Et alors là j’étais à la fenêtre, je pensais à tout ça et je me disais encore comment porter tout ça en moi-même alors que ça n’a pas de sens, et là je laissais voguer mes pensées et tout d’un coup je me rends compte que pensant à ma vie c’est à ces dernières années, que je ne dois qu’à moi, que je pense naturellement, les vieilles histoire n’ont pas de poids alors qu’elles faisaient toute ma vie longtemps, c’est fou comme ça se construit brusquement une vie, petit tas redevable à rien d’évènements empilés, elle n’est que ça et tout d’un coup une vie singulière existe, ne se réduit plus à ça, plus à rien d’autre. Pour décrire la prise de conscience sur le balcon: au moment même où je pense que cette histoire est une prison je vis le fait d’en être totalement libéré. Tournant ! –les tournants de balcons sont les plus vertigineux souvent-
Peut-être qu’il ne s’agit que d’une pile dont le fond se tasse et s’écrase et que tout est réductible à du quantitatif, les évènements de quelque nature –qualité- qu’ils soient se poussent les uns les autres. Quantitatif.

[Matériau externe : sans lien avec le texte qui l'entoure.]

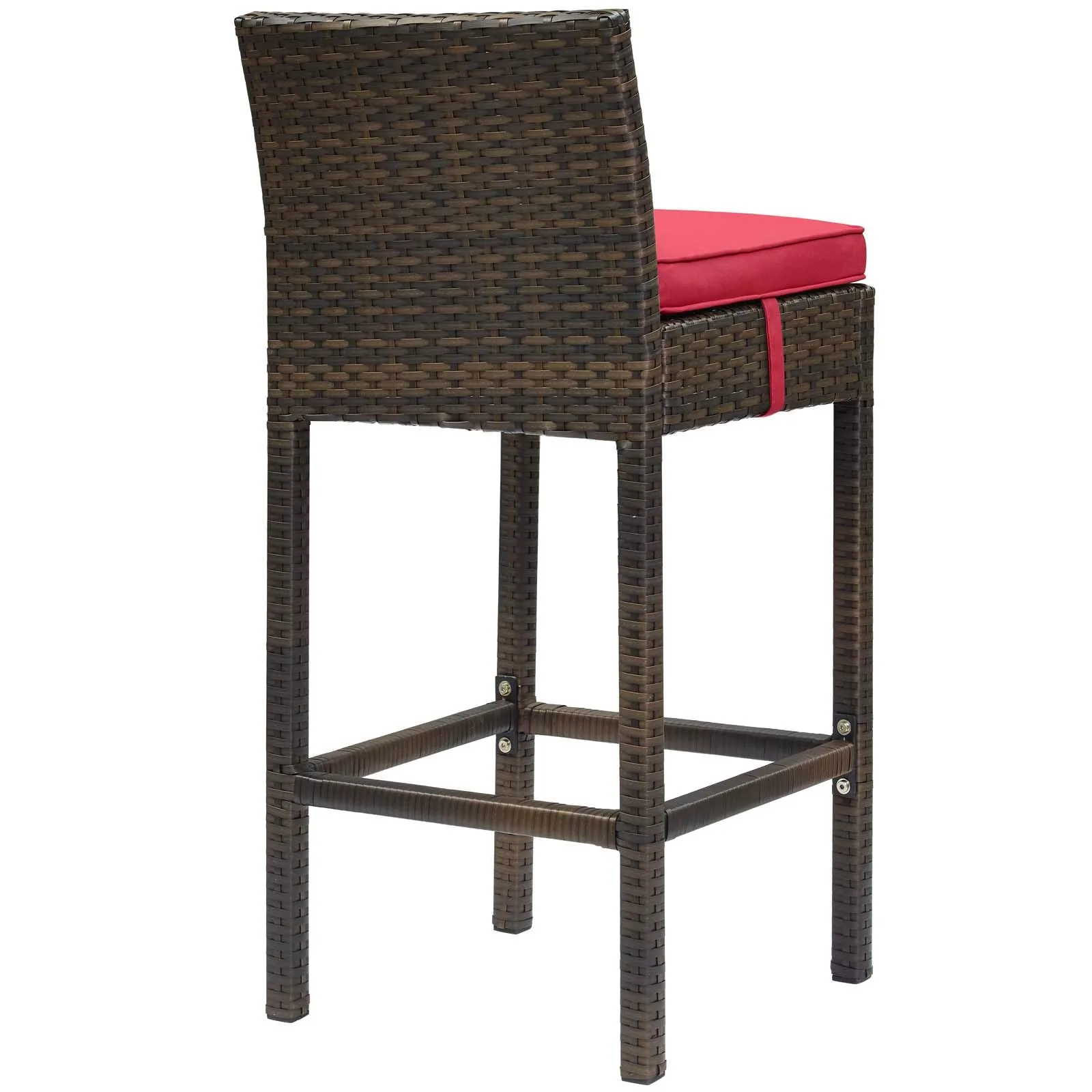 Conduit Bar Stool Outdoor Patio Wicker Rattan Set of 4 by Modway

Je ne me sens quand même pas trop magique ces jours-ci, trop de gens autrement géniaux, trop différents de moi et c’est eux qui ont raison, ils sont cools et ils ont l’air heureux, et criss’ ils ne voient rien selon les même règles que moi, c’est bon pour mon ego –les recherches d’apparts m’ont toujours changée en un tas de ruines surtout l’automne dernier…mais je ne m’en rends compte que plus tard quand des semaines après j’ai tout un carnage relationnel autour de moi et je vois que je suis hyper fragile paranoïaque et toute émiettée de la confiance en soi. En espérant qu’il y ait l’amour pour me reconstruire. -
Paris 1
-un moustique passe, celui qui me pourrira ma nuit plus tard, qui tout fluet maintenant sera comme une amphore demain matin-
Paris c’est bien mais je suis fatiguée, je marche tout le jour et le soir je parle des morts avec marraine qui pour ses 86 ans est incroyablement allumée, et sa fille qui m’a toujours un peu fascinée. Soljenitsyne avance à grands pas dans les transports en commun, ce livre est GRAND. Pas grand-chose à dire sur l’atmosphère parisienne que je me surprends à ne trouver ni critique ni hostile alors que j’aime. Les médias français mentent donc terriblement aux médias canadiens –oui, Paris est viable, oui, la France existe encore. Et je sais m’engouffrer d’un RER à l’autre comme si c’était inné, je vais assez bien comme quand on voit tout en terme de possibilité –il faut vraiment que je bute ce moustique-.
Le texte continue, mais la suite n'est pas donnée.